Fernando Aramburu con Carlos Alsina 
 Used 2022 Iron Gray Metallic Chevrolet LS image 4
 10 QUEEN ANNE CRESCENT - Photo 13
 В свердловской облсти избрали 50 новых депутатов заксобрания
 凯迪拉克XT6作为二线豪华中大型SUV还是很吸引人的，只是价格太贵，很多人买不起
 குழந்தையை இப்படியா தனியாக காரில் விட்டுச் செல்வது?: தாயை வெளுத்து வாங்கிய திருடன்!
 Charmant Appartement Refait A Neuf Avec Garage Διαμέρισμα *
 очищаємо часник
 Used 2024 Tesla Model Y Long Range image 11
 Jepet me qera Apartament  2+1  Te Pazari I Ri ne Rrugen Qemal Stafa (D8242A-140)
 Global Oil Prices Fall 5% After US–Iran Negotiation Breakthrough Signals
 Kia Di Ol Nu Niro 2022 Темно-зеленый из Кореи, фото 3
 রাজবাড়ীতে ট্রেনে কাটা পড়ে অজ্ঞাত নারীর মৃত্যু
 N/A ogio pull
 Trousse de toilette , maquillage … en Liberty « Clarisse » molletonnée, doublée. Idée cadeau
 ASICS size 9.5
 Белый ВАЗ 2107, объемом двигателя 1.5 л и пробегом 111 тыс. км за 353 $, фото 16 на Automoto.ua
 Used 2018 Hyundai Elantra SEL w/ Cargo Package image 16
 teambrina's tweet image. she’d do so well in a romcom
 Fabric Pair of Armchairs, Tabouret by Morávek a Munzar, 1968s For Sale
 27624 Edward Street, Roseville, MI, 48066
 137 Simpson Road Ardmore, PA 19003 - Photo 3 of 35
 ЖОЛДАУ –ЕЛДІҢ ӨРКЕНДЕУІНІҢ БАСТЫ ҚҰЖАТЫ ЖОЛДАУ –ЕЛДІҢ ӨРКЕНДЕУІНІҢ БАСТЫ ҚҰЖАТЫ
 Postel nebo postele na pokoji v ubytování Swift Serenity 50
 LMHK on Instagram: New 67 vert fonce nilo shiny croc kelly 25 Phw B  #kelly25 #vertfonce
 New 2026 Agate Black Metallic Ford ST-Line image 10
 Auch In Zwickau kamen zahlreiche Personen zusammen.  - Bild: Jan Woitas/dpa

Your goal
The string "фото" may occur in the listing; show every line where it does.

Task result
 Kia Di Ol Nu Niro 2022 Темно-зеленый из Кореи, фото 3
 Белый ВАЗ 2107, объемом двигателя 1.5 л и пробегом 111 тыс. км за 353 $, фото 16 на Automoto.ua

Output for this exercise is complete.